We are building for Hoboken’s future…

Dear Editor:

This week, I was pleased to present to the City Council the Fiscal Year 2004 Municipal Budget, a $57.3 million spending plan which again calls for no tax increase in the municipal portion of the rate.

It is an austere budget which calls for a $2.7 million reduction of the municipal payroll and a taxpayer savings due to the refinancing of the city’s General Obligation Bonds to benefit from the historically low interest rates.

The 2004 budget is significantly lower than last year’s when we had to reconcile over $4.7 million in expenditures from the previous administration and is less than my adjusted budget of 2003. I have reduced the cost of legal and accounting fees by more than $2 million during the course of my administration. I am also seeking to continue to reduce other city expenditures, such as overtime now and into the future.

The bond refinancing issue, an important element of the budget, will allow the city to reduce annual debt payments while providing the municipality the capital to undertake three key projects: the acquisition of open space for recreation and the development of a new Public Works garage and a central fire station.

We are building for the future.
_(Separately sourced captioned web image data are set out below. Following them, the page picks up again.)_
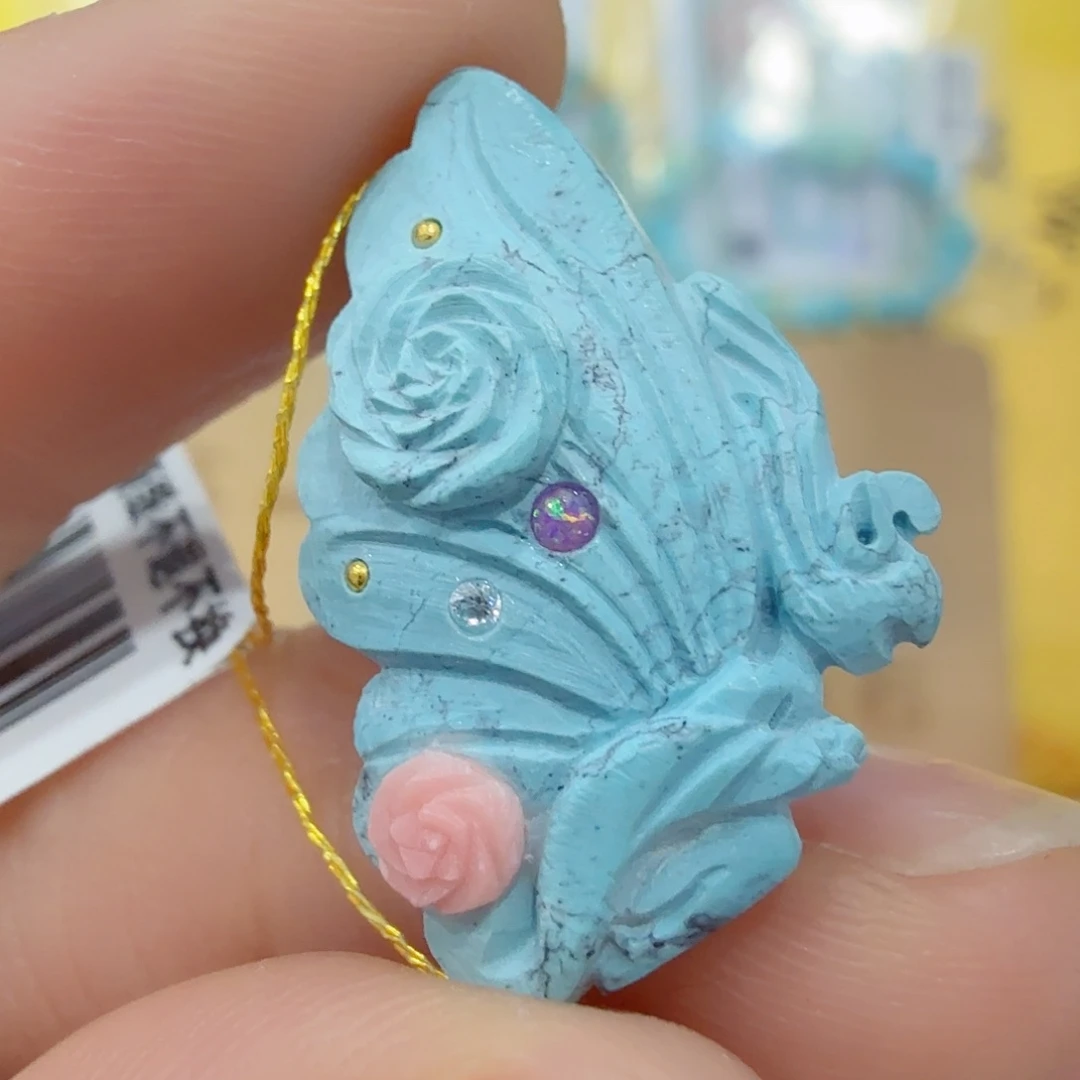 绿松石未镶嵌珠宝奇石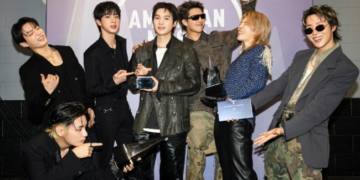 BTS emociona a fans y domina la noche en los AMAs.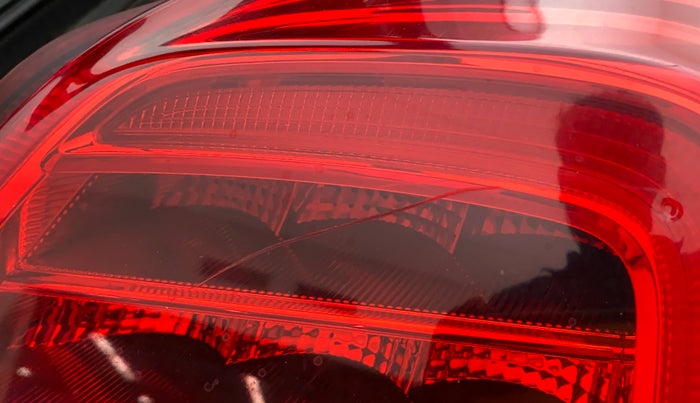 2019 Maruti Swift VXI, Petrol, Manual, 15,969 km, Right tail light - Minor scratches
We have commitments of over a quarter of a billion dollars to rebuild our schools and our transit hub. Before the end of September we will unveil our new Master Plan to guide future economic development. Our southern waterfront development has resulted in thousands of new jobs and economic opportunities throughout the city, and we are seeing an increase of young families who choose to call Hoboken their home. Hoboken has truly become a regional destination.

With this budget, it is my intention to continue to hold down city costs in subsequent years to maintain the current municipal portion of the tax rate while providing residents with essential services and programs which Hoboken residents expect.